[[ Dataset excerpts open ]]
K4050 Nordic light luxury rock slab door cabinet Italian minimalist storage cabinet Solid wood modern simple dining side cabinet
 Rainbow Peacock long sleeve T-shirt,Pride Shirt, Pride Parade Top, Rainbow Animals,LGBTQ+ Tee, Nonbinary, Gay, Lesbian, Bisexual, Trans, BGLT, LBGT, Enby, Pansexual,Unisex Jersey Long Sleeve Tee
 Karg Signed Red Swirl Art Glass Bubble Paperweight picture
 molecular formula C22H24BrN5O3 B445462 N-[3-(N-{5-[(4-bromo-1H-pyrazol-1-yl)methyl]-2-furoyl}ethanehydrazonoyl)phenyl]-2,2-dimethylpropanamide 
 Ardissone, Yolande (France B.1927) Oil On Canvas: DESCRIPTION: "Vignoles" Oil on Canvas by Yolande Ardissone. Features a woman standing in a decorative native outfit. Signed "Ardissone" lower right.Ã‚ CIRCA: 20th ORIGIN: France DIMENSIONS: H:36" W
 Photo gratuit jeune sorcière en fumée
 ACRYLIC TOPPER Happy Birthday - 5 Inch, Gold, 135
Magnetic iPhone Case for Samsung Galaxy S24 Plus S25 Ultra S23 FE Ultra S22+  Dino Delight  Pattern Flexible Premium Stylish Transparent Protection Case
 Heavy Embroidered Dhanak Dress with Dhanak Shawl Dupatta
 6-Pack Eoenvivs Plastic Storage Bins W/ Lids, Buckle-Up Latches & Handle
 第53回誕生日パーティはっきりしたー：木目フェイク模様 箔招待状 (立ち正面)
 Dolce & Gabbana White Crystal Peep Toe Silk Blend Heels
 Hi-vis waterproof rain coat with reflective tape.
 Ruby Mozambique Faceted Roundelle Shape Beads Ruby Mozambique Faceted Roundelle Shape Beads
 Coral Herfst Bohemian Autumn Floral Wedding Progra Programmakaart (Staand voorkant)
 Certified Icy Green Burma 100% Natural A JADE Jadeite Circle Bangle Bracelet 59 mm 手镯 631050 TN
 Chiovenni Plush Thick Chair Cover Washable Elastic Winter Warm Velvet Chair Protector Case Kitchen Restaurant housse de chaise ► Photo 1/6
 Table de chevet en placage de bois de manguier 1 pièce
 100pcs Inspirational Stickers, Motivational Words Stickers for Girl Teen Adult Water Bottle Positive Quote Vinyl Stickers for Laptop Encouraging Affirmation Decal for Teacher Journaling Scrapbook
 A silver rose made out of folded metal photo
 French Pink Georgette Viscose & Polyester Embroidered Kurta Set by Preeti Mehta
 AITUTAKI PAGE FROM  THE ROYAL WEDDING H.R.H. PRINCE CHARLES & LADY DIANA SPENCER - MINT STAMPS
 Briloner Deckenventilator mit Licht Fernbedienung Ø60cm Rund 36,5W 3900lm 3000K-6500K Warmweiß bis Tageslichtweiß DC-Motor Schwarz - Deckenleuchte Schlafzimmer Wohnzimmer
[[ Dataset excerpts closed ]]
### [Exercise brief]
Lines from the one containing "Hi-vis waterproof rain" to the last line above, both included: copy these exactly and write nothing else.

### [Solution below]
 Hi-vis waterproof rain coat with reflective tape.
 Ruby Mozambique Faceted Roundelle Shape Beads Ruby Mozambique Faceted Roundelle Shape Beads
 Coral Herfst Bohemian Autumn Floral Wedding Progra Programmakaart (Staand voorkant)
 Certified Icy Green Burma 100% Natural A JADE Jadeite Circle Bangle Bracelet 59 mm 手镯 631050 TN
 Chiovenni Plush Thick Chair Cover Washable Elastic Winter Warm Velvet Chair Protector Case Kitchen Restaurant housse de chaise ► Photo 1/6
 Table de chevet en placage de bois de manguier 1 pièce
 100pcs Inspirational Stickers, Motivational Words Stickers for Girl Teen Adult Water Bottle Positive Quote Vinyl Stickers for Laptop Encouraging Affirmation Decal for Teacher Journaling Scrapbook
 A silver rose made out of folded metal photo
 French Pink Georgette Viscose & Polyester Embroidered Kurta Set by Preeti Mehta
 AITUTAKI PAGE FROM  THE ROYAL WEDDING H.R.H. PRINCE CHARLES & LADY DIANA SPENCER - MINT STAMPS
 Briloner Deckenventilator mit Licht Fernbedienung Ø60cm Rund 36,5W 3900lm 3000K-6500K Warmweiß bis Tageslichtweiß DC-Motor Schwarz - Deckenleuchte Schlafzimmer Wohnzimmer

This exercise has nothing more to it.